Sam Wollaston, The Guardian
Harry Hill’s Stars in Their Eyes, ITV
“Everything on TV is so damned serious these days, and Harry Hill’s Stars in Their Eyes is a gloriously unpretentious antidote. Also, despite its lunatic edge it somehow manages to be honest in what it is trying to achieve. Clearly Hill just wants everyone to have a good time. I did.”
Ben Lawrence, The Telegraph
“Corny jokes, slapstick, dressing up and a few songs we all know made this full-on family fare — old- fashioned Saturday night viewing that didn’t take itself seriously.”
Christopher Stevens, Daily Mail
“When it worked, it worked. The problem is that Hill’s relationship with real life, and by association with real people, is tangential. And when he congratulated the lookalikes on their performances everyone looked embarrassed.”
Andrew Billen, The Times
Britain’s Tudor Treasure: a Night at Hampton Court, BBC2
“The details were pretty fascinating but a pair of good presenters like David Starkey and Lucy Worsley didn’t need all the dressing-up antics to bring them alive. If money was going to be spent, it might, perhaps, have been diverted from the costumes and the extras and onto the baptismal font, which ended up as a model, slighly smaller than my son’s Playmobil castle.”

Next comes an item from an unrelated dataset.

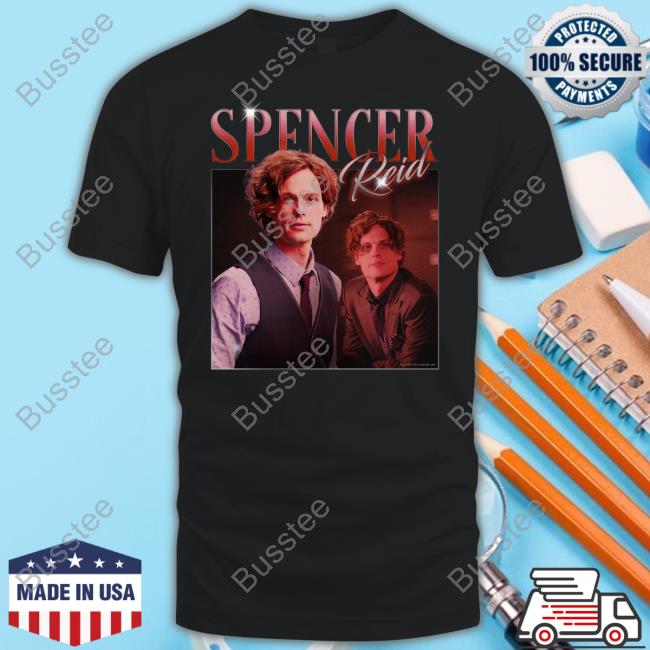 Cbsstore Spencer Reid 80's Retro Funny T Shirt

Matt Baylis, Daily Express
“As chief curator at Historic Royal Palaces, Worsley was our guide to the palace. Starkey, for his part, did an excellent job of explaining the mindset of the wife-beheading, daughter-dismissing king in the lead-up to his son’s birth. When, at last, all 90-something volunteers were costumed, it was as if the court of King Henry VIII had risen from the grave.”